Being the first Christmas without our baby girl, I hadn’t the drive or love in my heart to get a tree and decorate it.  Just the thought of the holidays without Lydia would make me fall apart and retreat to a solitary hiding place, just me and my tears. There was no tree, no Christmas cookies baking or decorations or laughter in the kitchen. This year was different.  Yet, because of our son Hunter, I knew we had to try to do something.  We opted for a live tree that we could plant after the holiday season. Jake went to Wal-Mart and bought a new box of lights to put on the tree.  I wanted nothing to do with those totes full of memories, so in their box they stayed and our tree without decorations.  I counted the days and “faked it ’til I made it.”  This holiday couldn’t be over soon enough.

It had been five months since Lydia died. How could that possibly be? Christmas was just hours away when my heart was warmed by an amazing gift.  In the car, where much time was spent, was a place where Lydia would compose her masterpieces – beautiful, one-of-a-kind, spectacular illustrations of creativity.  One rainy, winter day, I happened to put my hand in the back pocket of the driver’s seat, the one in front of where she used to sit.  As I pulled out multiple hair accessories, ponytail holders, and nail polish bottles, I was caught off guard and choked up with tears at what I saw.  Between my fingers came a neat white envelope and on the outside, carefully written it said, “To Hunter, From Lydia.”   Without hesitation, I gingerly opened up the top and peeked inside.  My hands trembling with anticipation as I pulled out this precious gift at just the right moment.

Christmas would arrive in a number of hours and I had found the perfect present for our son. Something to bring warmth to his tattered and torn heart, something that would provide him with the hope and love he desperately needed from his big sister.  It was a drawing of a Christmas tree, complete with ornaments and a star!

lydia tree hunter

Drops of love poured down my cheeks, what a gift! The pain my heart felt was indescribable, yet this little blessing provided a glimmer of hope and I couldn’t help but smile amidst the tears.

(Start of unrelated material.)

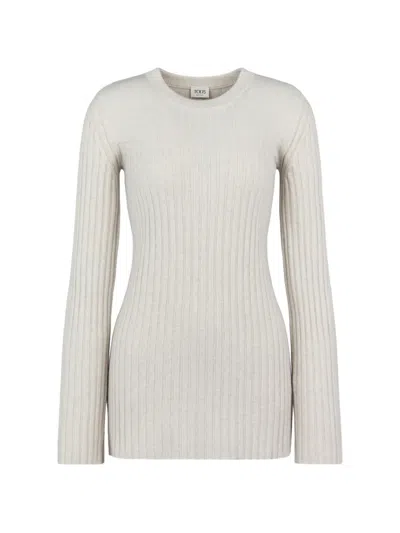 Tod's Ribbed-knit Sweater In Neutrals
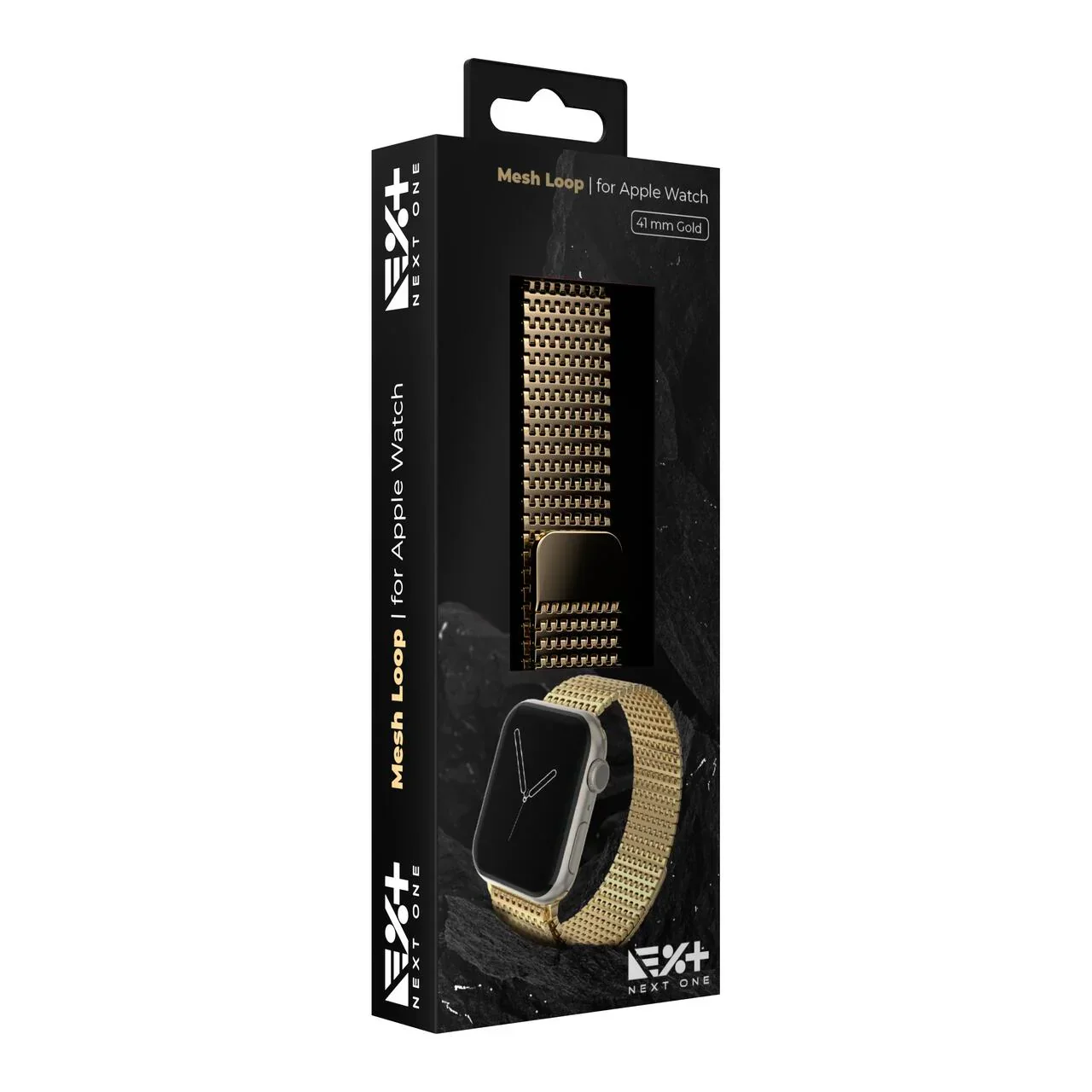 Curea metalica MESH NOA pentru Apple Watch 41/40/38 mm, Auriu - Image 6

Friends, I know that deep pain of the first Christmas without your child. It’s the most heart-wrenching feeling ever. The blanket of hopelessness and fear is smothering, allowing no light to seep through. I wore those exact shoes once. Take care of you. Do what feels right. Cry, laugh, hide, embrace whatever feelings come. Hang on. One day at a time. Most importantly, remember the real meaning of the season.  Jesus. Focus on Him. Equip yourselves with the truth. You can do this.

Romans 8:18 “The pain that you’ve been feeling, can’t compare to the joy that’s coming.”

griievinggumdrops.com

Matthew 19:26   Jesus looked at them and said, “With man this is impossible, but with God all things are possible.”